**Task directions**
Your answer must be the exact lines of the listing below that run from the line with "Load image into" to the line with "The Covid relief", ends included, and no pictures.

**Source data**
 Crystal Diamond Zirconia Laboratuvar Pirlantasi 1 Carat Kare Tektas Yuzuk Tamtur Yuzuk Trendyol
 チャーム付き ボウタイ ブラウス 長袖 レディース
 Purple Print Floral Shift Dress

* * *

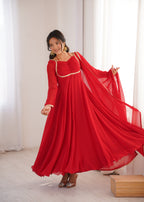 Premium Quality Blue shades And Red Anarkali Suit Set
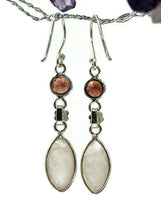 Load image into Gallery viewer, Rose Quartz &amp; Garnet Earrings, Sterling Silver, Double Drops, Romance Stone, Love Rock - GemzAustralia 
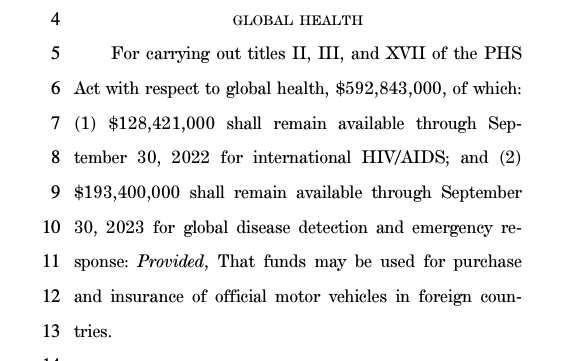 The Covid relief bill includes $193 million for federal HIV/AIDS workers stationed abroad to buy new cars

* * *

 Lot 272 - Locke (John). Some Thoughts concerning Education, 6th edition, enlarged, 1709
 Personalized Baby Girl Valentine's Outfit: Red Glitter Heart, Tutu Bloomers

**Solution for this exercise**
 Load image into Gallery viewer, Rose Quartz &amp; Garnet Earrings, Sterling Silver, Double Drops, Romance Stone, Love Rock - GemzAustralia 
 The Covid relief bill includes $193 million for federal HIV/AIDS workers stationed abroad to buy new cars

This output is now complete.